Your output must consist of the records printed verbatim, with the pictures excluded.
Material provided below:
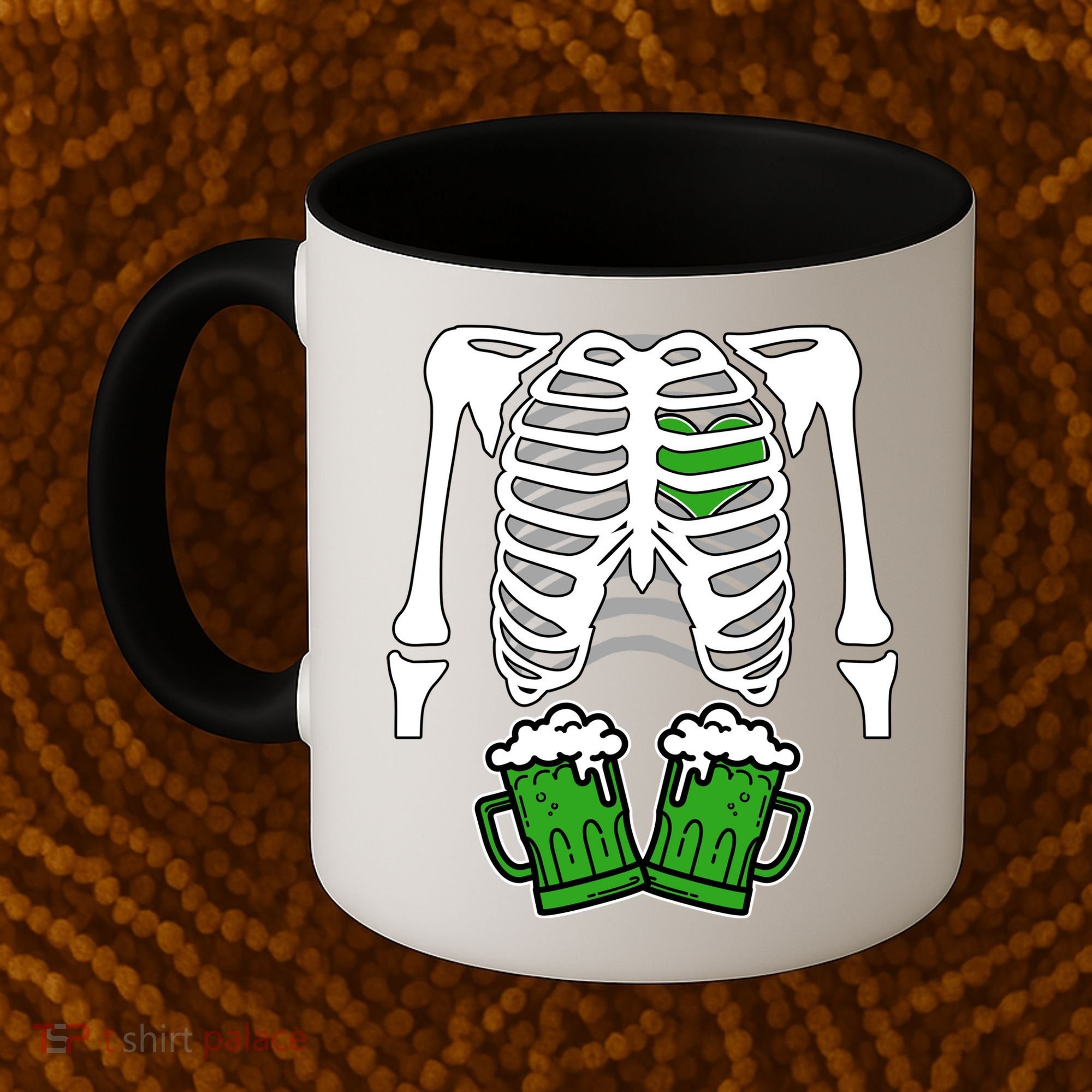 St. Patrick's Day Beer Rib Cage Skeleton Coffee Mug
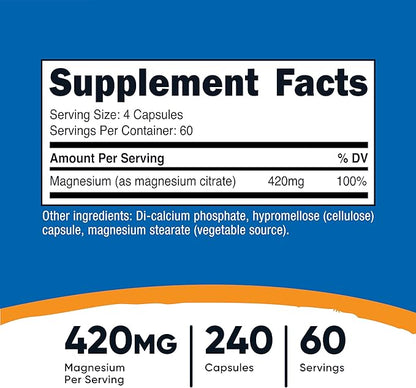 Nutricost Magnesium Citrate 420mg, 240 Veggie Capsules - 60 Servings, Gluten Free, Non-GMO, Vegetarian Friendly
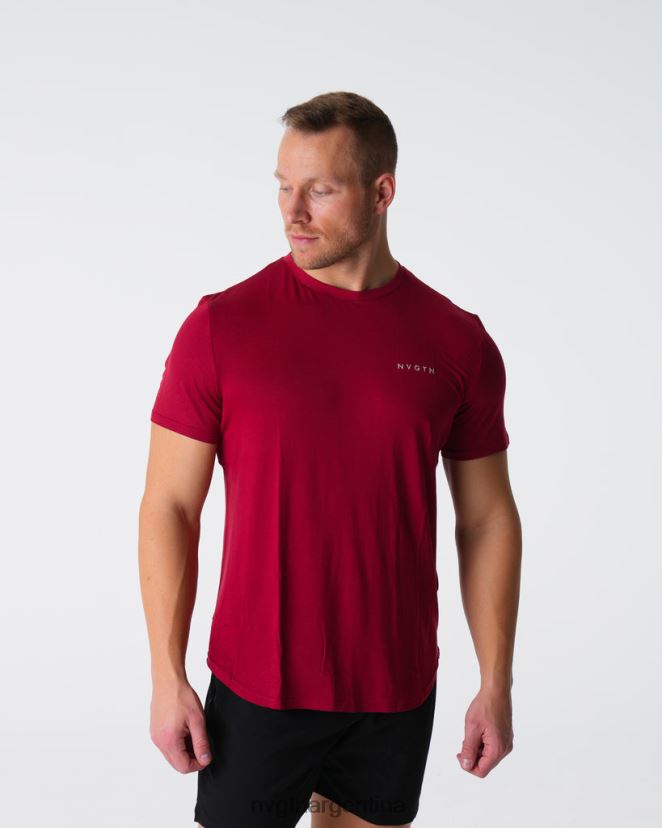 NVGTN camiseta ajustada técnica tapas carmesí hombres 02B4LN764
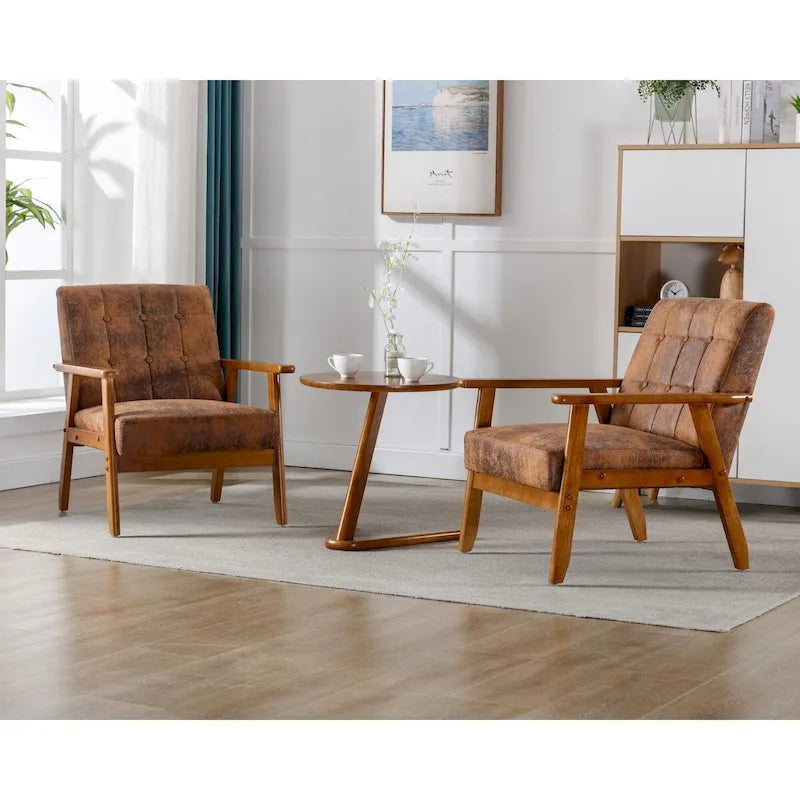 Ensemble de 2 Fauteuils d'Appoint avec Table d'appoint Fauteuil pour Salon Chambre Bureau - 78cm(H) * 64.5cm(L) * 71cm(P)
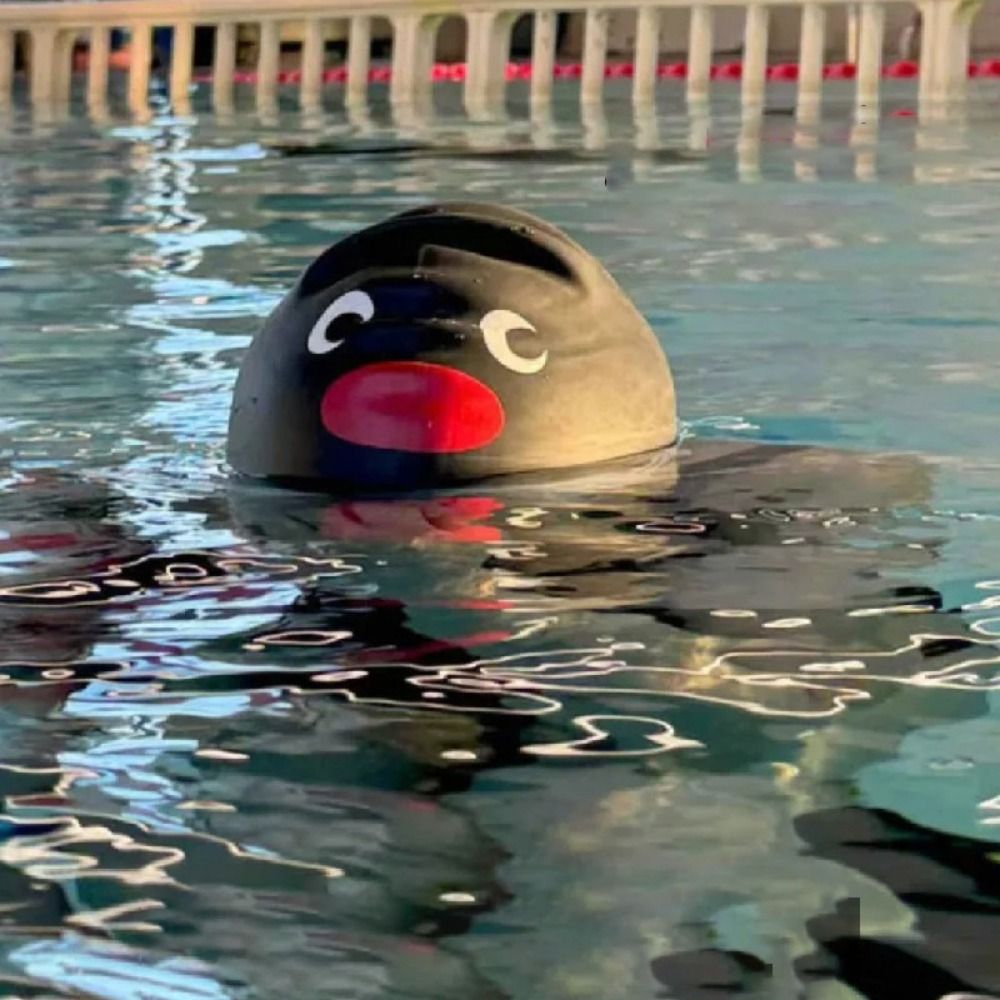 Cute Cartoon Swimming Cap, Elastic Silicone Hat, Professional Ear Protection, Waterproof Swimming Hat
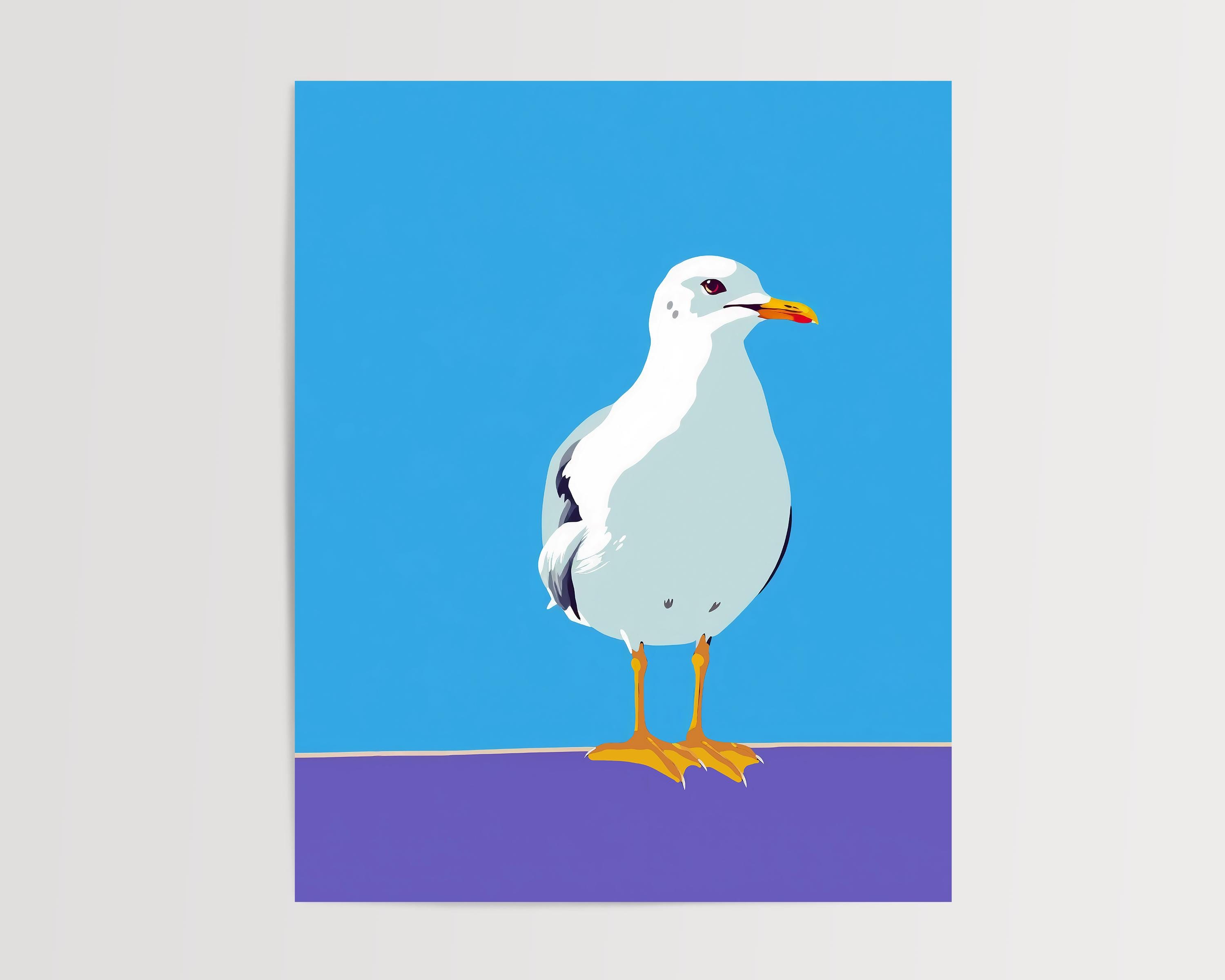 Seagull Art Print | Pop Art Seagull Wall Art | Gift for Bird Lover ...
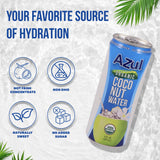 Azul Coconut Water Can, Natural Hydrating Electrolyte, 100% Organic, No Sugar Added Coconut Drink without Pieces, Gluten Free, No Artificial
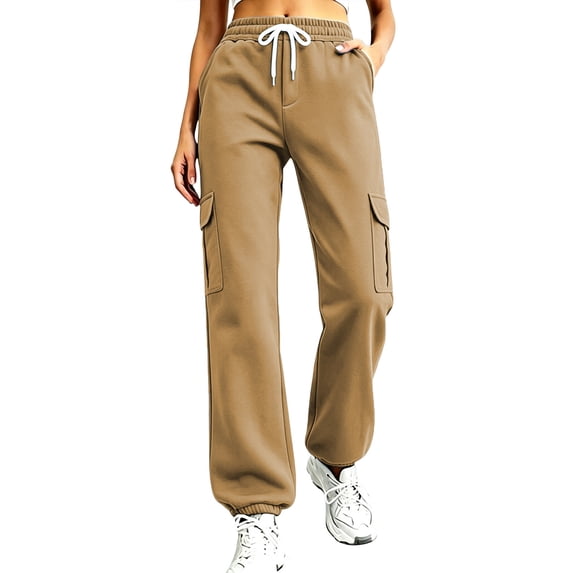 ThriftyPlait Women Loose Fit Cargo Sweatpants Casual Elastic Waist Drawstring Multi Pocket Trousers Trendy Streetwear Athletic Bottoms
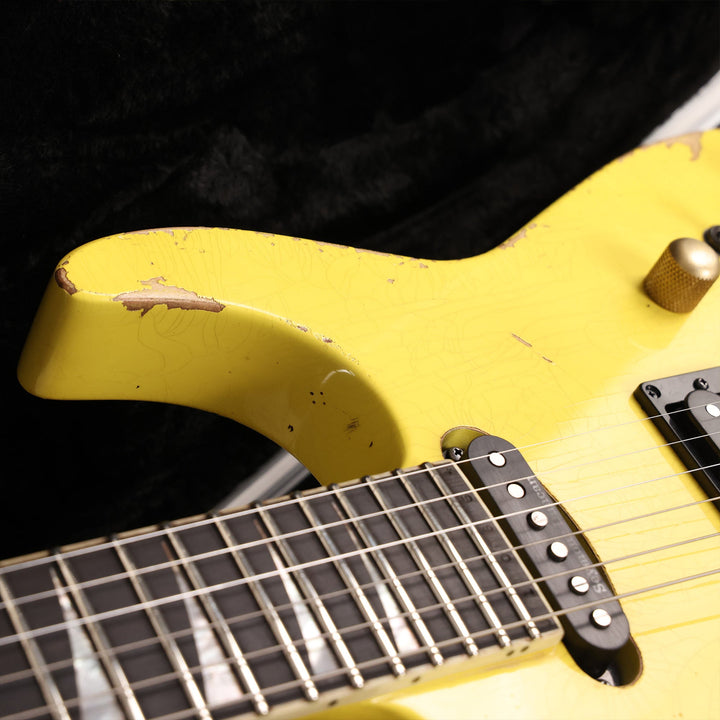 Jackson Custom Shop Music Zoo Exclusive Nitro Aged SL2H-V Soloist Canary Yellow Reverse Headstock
End of Material provided.
[The answer]
 St. Patrick's Day Beer Rib Cage Skeleton Coffee Mug
 Nutricost Magnesium Citrate 420mg, 240 Veggie Capsules - 60 Servings, Gluten Free, Non-GMO, Vegetarian Friendly
 NVGTN camiseta ajustada técnica tapas carmesí hombres 02B4LN764
 Ensemble de 2 Fauteuils d'Appoint avec Table d'appoint Fauteuil pour Salon Chambre Bureau - 78cm(H) * 64.5cm(L) * 71cm(P)
 Cute Cartoon Swimming Cap, Elastic Silicone Hat, Professional Ear Protection, Waterproof Swimming Hat
 Seagull Art Print | Pop Art Seagull Wall Art | Gift for Bird Lover ...
 Azul Coconut Water Can, Natural Hydrating Electrolyte, 100% Organic, No Sugar Added Coconut Drink without Pieces, Gluten Free, No Artificial
 ThriftyPlait Women Loose Fit Cargo Sweatpants Casual Elastic Waist Drawstring Multi Pocket Trousers Trendy Streetwear Athletic Bottoms
 Jackson Custom Shop Music Zoo Exclusive Nitro Aged SL2H-V Soloist Canary Yellow Reverse Headstock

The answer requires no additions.